[Start of Attachment]
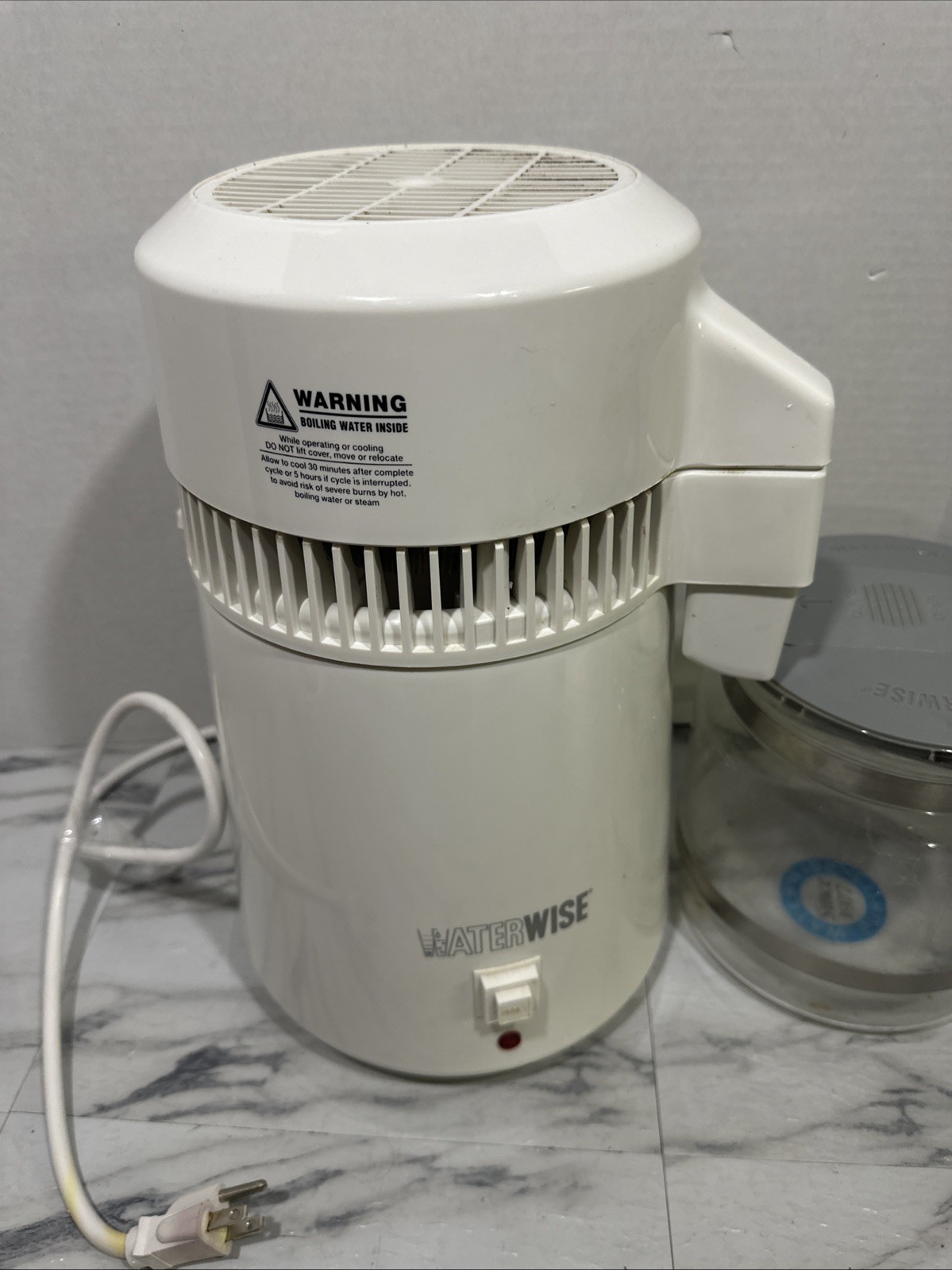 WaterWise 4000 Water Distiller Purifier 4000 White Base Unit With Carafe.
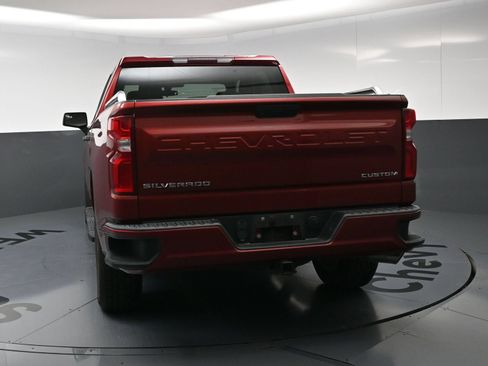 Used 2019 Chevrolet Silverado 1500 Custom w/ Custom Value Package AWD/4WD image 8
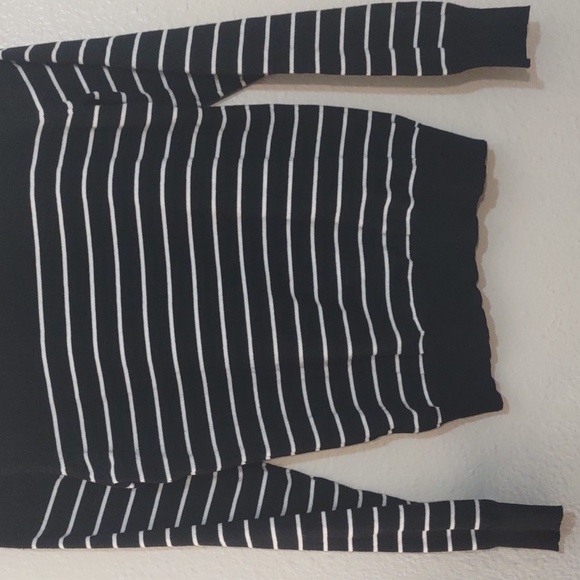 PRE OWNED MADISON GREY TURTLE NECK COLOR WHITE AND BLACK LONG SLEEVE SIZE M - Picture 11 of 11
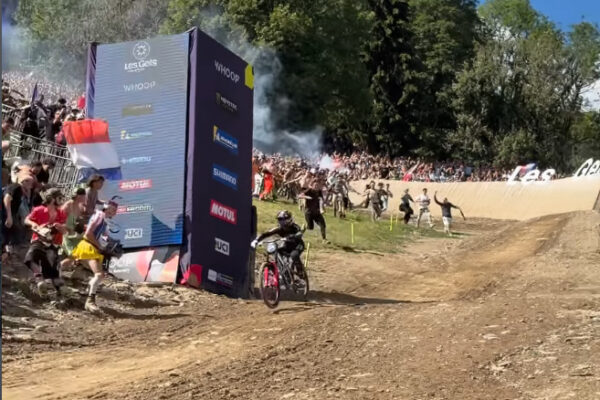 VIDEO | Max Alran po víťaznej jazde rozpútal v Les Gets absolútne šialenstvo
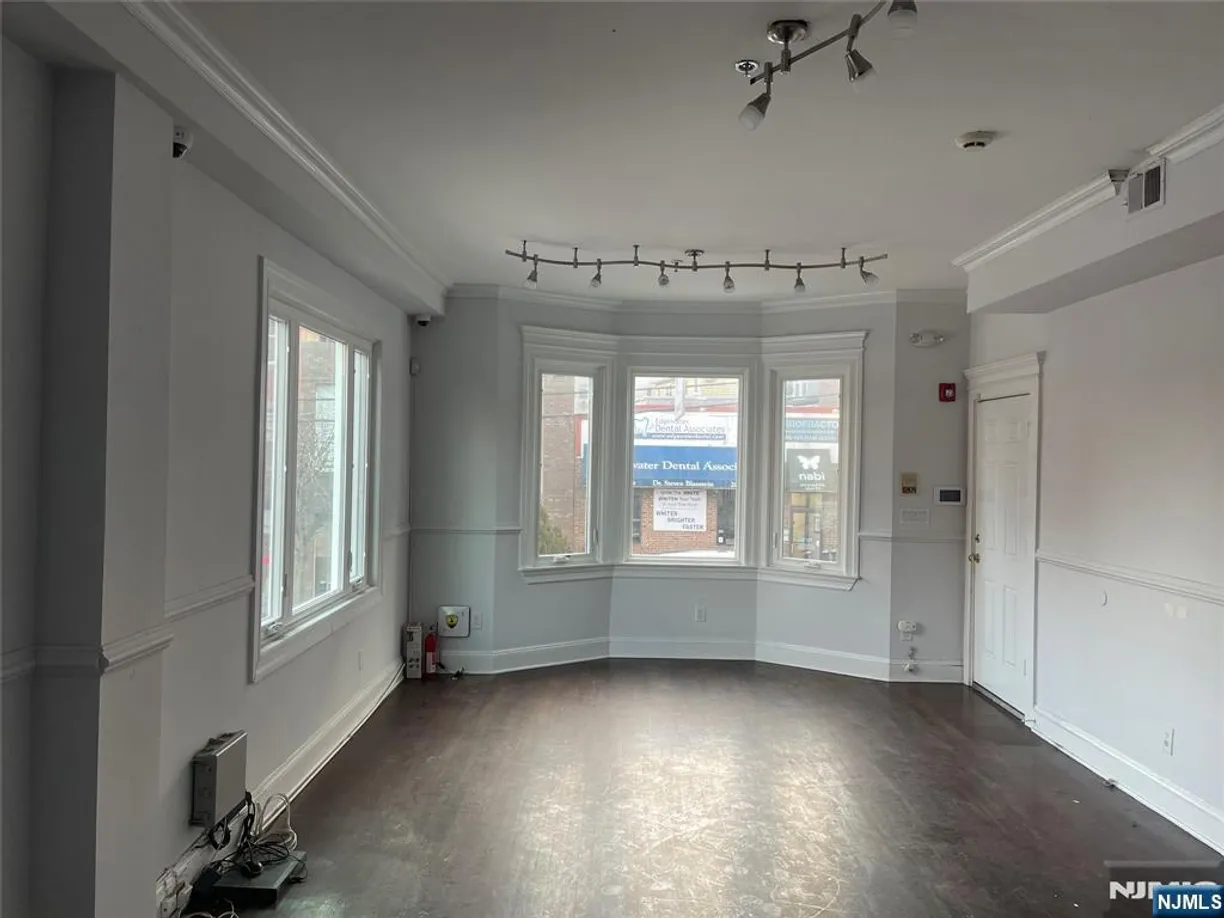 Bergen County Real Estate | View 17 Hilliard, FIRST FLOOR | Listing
[End of Attachment]
[Start of Attachment]
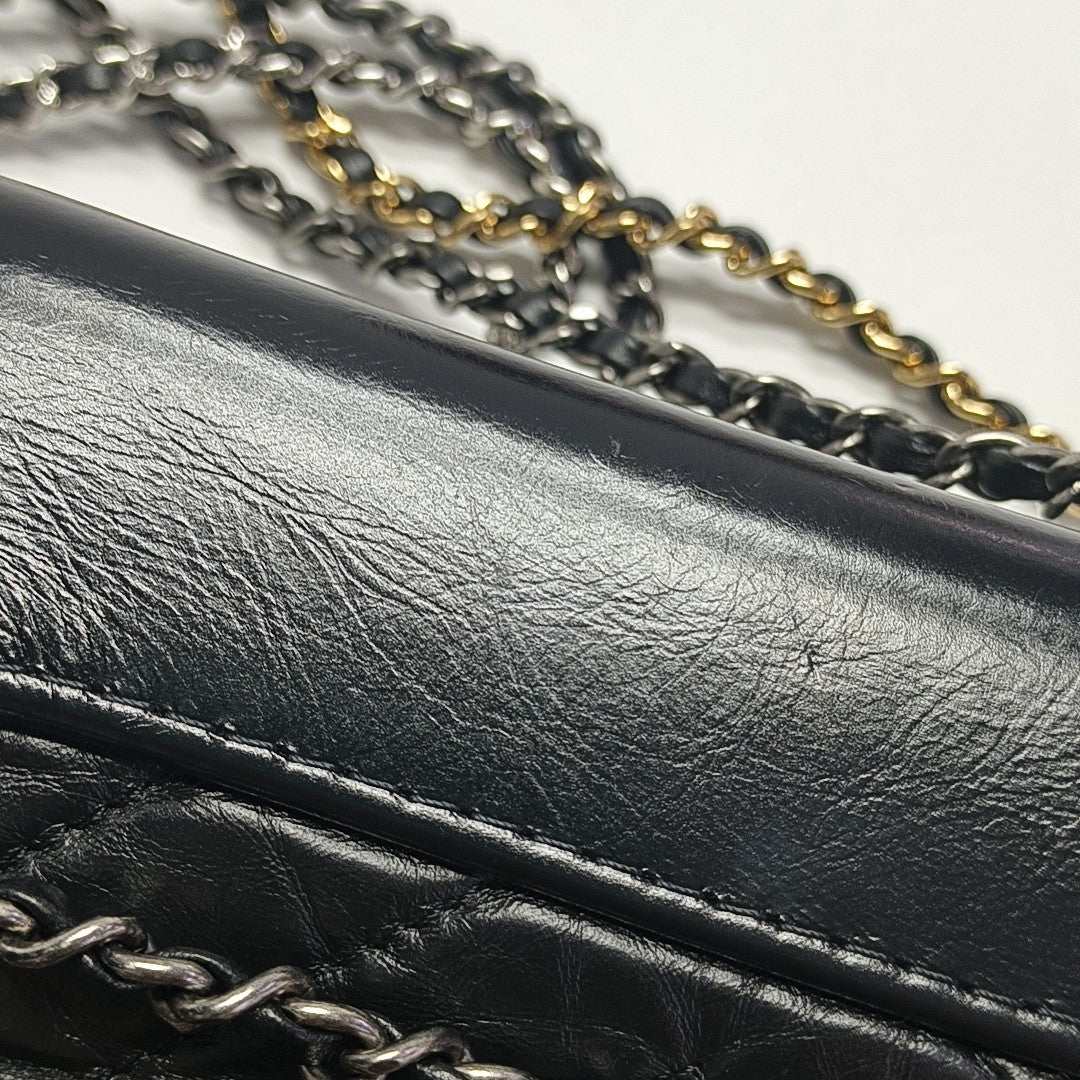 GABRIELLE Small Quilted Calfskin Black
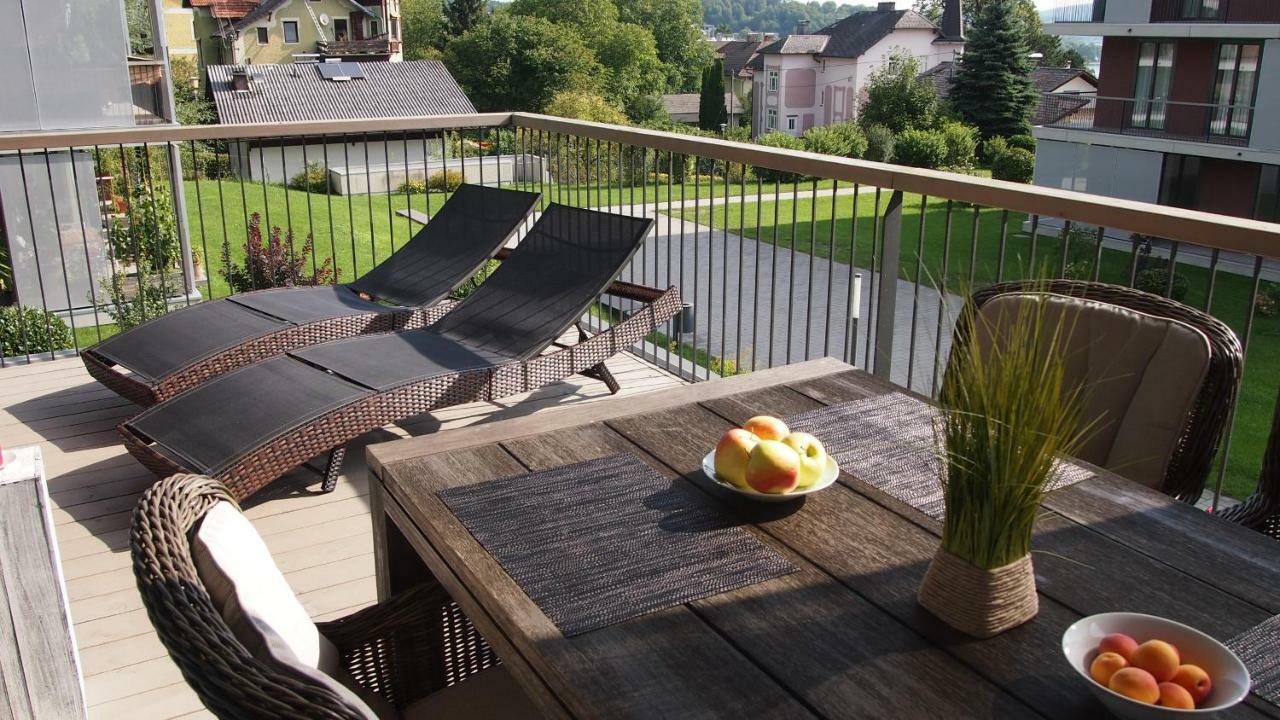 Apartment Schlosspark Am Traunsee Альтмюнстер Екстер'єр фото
[End of Attachment]
Look above for the line containing "GABRIELLE Small Quilted Calfskin Black" and the line containing "Apartment Schlosspark Am", then reproduce both and everything between them exactly, pictures omitted.

TASK SOLUTION:
 GABRIELLE Small Quilted Calfskin Black
 Apartment Schlosspark Am Traunsee Альтмюнстер Екстер'єр фото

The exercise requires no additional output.